- ACTIVITY -
Copy the records below exactly, starting at the line that contains "0.51 carat F-VVS2" and ending at the line that contains "10k Initial F Pendant-10C767F"; leave out any pictures.

- SOURCE MATERIAL -
* * *
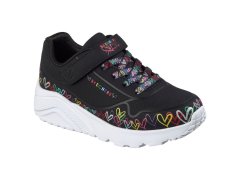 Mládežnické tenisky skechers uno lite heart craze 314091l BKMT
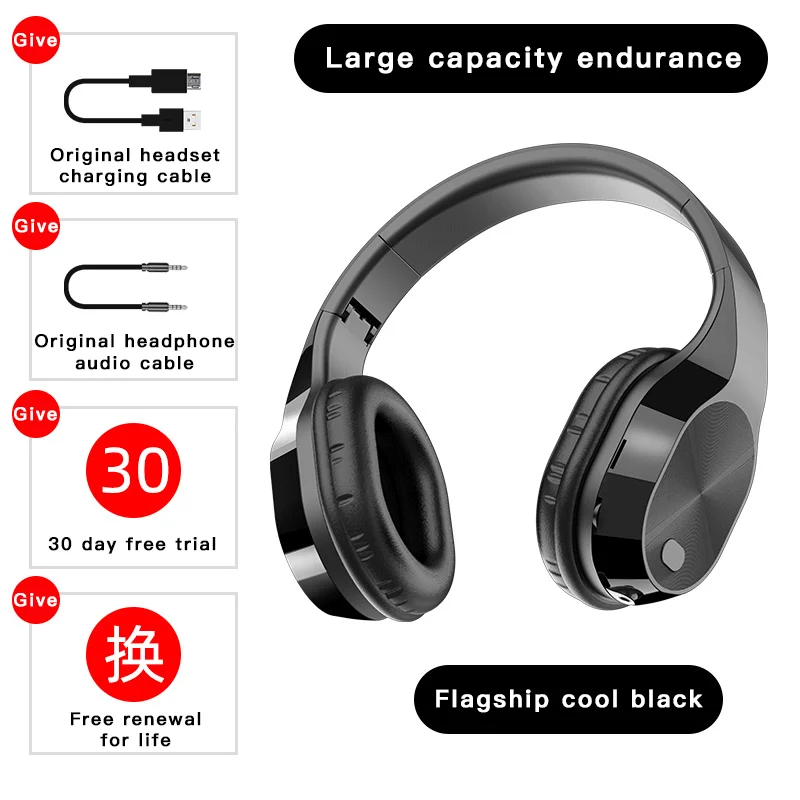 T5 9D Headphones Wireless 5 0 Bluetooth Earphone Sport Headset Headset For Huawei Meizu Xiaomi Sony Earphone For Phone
* * *
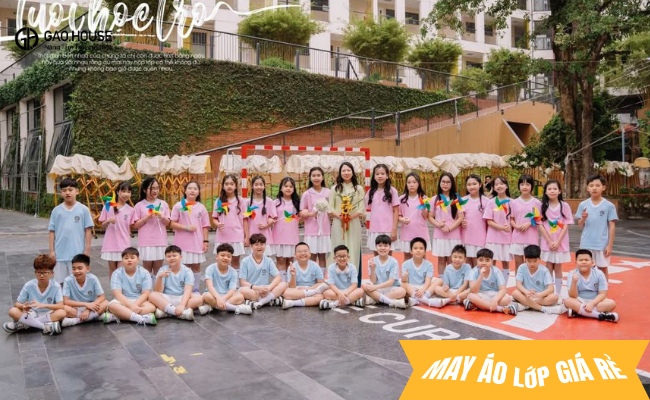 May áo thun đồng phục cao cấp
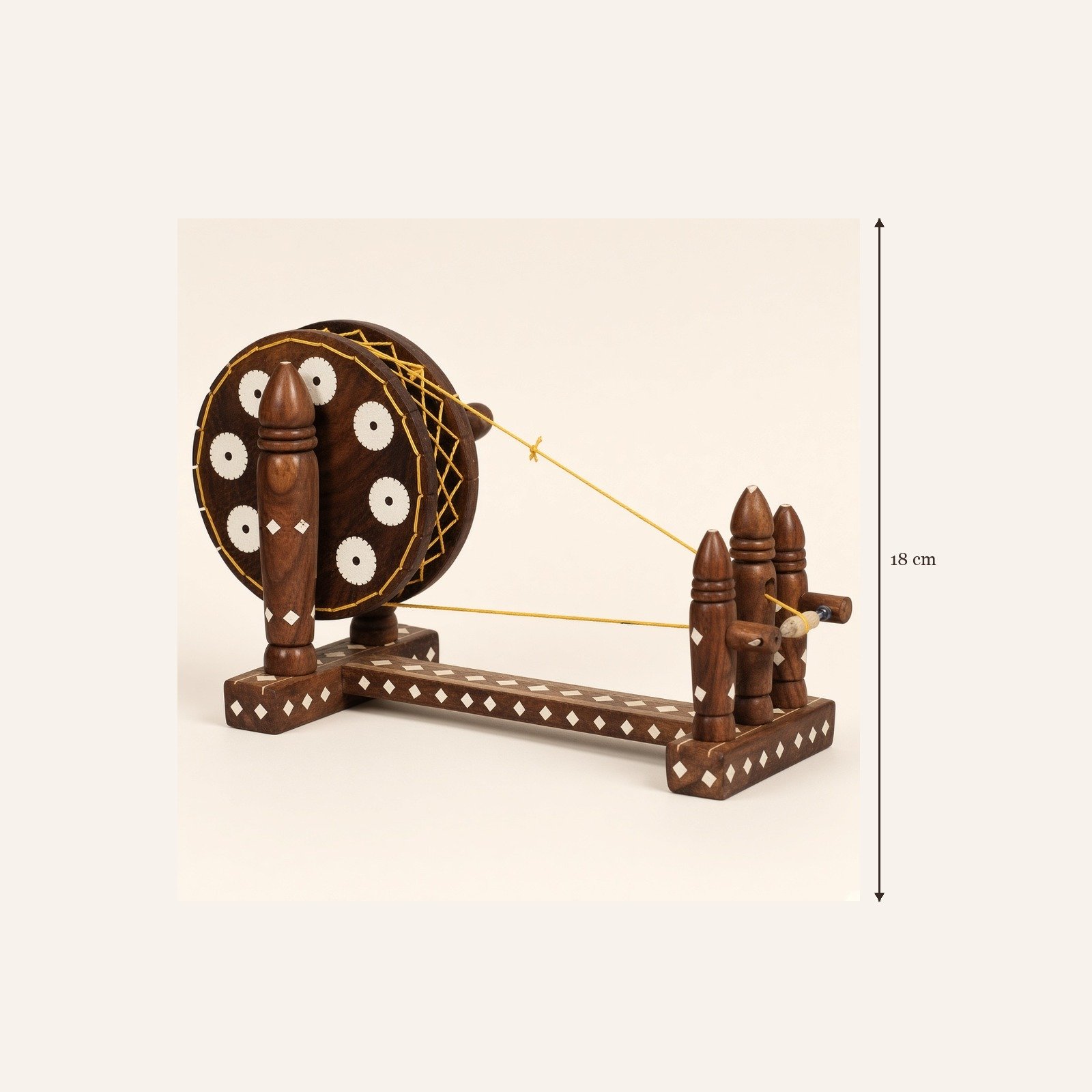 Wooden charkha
* * *
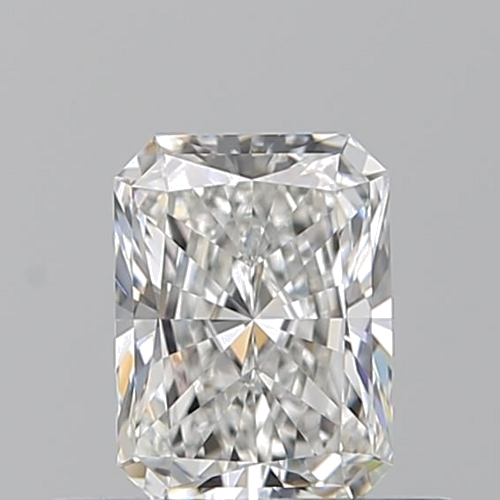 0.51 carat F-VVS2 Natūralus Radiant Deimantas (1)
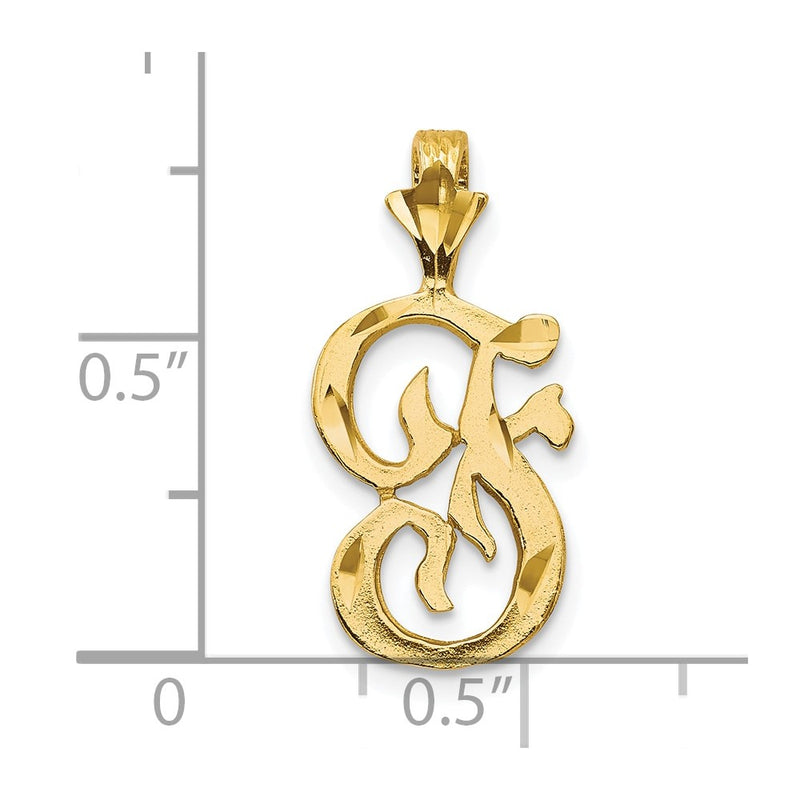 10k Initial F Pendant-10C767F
* * *
- TASK ANSWER -
 0.51 carat F-VVS2 Natūralus Radiant Deimantas (1)
 10k Initial F Pendant-10C767F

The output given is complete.